Enter the Green New Deal (GND). In a resolution proposed last week, Representative Ocasio-Cortez (D-NY) and Senator Markey (D-MA) lay out a bold vision for how we can address the duel crises of climate change and runaway inequality. While slim on details at this nascent stage, the resolution portends the creation of millions of good, high-paying jobs. Through investments in infrastructure projects including the expansion of renewable energy technologies, clean vehicle infrastructure, mass transit, and energy efficiency programs for public and commercial buildings, the GND would simultaneously reduce our levels of harmful greenhouse gas emissions while creating job opportunities for out of work or under-employed workers. In a forthcoming report that I completed for the New Jersey Governor’s Task Force on the Future of Work, I outline the types of occupations that would experience growth from these sorts of investments in New Jersey. Suffice it to say, there are many.

To ensure that these new jobs are good jobs, the GND resolution calls for prevailing wage measures for construction projects, local hiring policies, jobs training programs, strong workplace health and safety enforcement, paid leave, vacation time, retirement security and the right to organize a union free from coercion and intimidation.
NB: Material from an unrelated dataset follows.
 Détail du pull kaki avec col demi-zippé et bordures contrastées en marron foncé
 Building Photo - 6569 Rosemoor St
Prevailing wage laws give law-abiding, in-state contractors a fair shot in the commercial bidding process while ensuring middle class wages and benefits for blue-collar construction workers in the state. Apprenticeships and training programs increase the overall human capital in the state while creating pathways to the middle class for workers with less than a college education. For generations, collective bargaining has helped to make what used to be bad jobs in the fossil fuels sector into some of the best paying blue collar jobs in the state. Together, these and other labor standards measures would help to break workers free from the inertia of wage stagnation that has plagued the U.S. economy since the 1970s.

Importantly, the GND resolution also outlines a variety of policy tools to ensure the green transition is fair for all workers, including those that have historically suffered rather than benefitted from the existing energy system as well as those that would face job displacement as a result of decarbonizing the economy. Climate change has exacerbated systemic social, environmental, and economic injustices by disproportionately affecting communities of color, deindustrialized communities, depopulated rural communities, the poor, low-income workers, women, and the elderly. All realistic solutions to climate change will inevitably involve the reduction of jobs in the fossil fuel sector. The GND seeks to achieve net-zero greenhouse gas emissions through a fair and just transition for all communities and workers.
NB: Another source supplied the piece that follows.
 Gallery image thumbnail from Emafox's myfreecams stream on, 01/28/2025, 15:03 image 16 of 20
Perhaps the most important line in the resolution appears on page 10 and reads: “A Green New Deal must be developed through transparent and inclusive consultation, collaboration, and partnership with frontline and vulnerable communities, labor unions, worker cooperatives, civil society groups, academia, and businesses.” In my own research, I have found that unionized workers are more likely to support environmental measures than the general population in the U.S. and that when unions are strong and have a voice in policy formation, they help to expedite the transition toward sustainability. This past November, more than 90 labor leaders from the northeast convened at the Labor Education Center at the Rutgers School of Management and Labor Relations, organized by the Labor Network for Sustainability, to build cooperation and inspire local unions and activists to engage with climate justice organizations and activists in their own communities and to begin developing a plan to simultaneously address climate change and gross levels of inequality. The GND could serve as a vehicle for these efforts.
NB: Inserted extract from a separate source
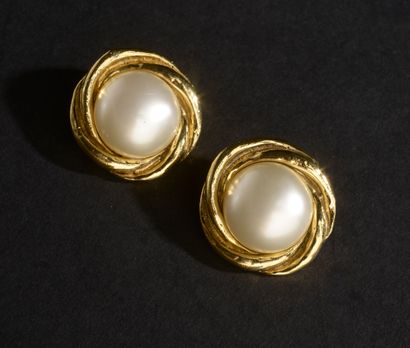 CHANEL.
Pair of ear clips in twisted gold...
Ensuring a seat at the table for those that are most negatively impacted by climate change as well as for those who may be harmed by the policies required to address climate change is the right and just thing to do. It is also a prerequisite for building the broad base of support that is needed to develop and implement the climate policies that are needed to save us from ourselves. The Green New Deal creates a unique opportunity to have those conversations and forge those alliances, which makes it a good deal for workers in New Jersey and across the U.S.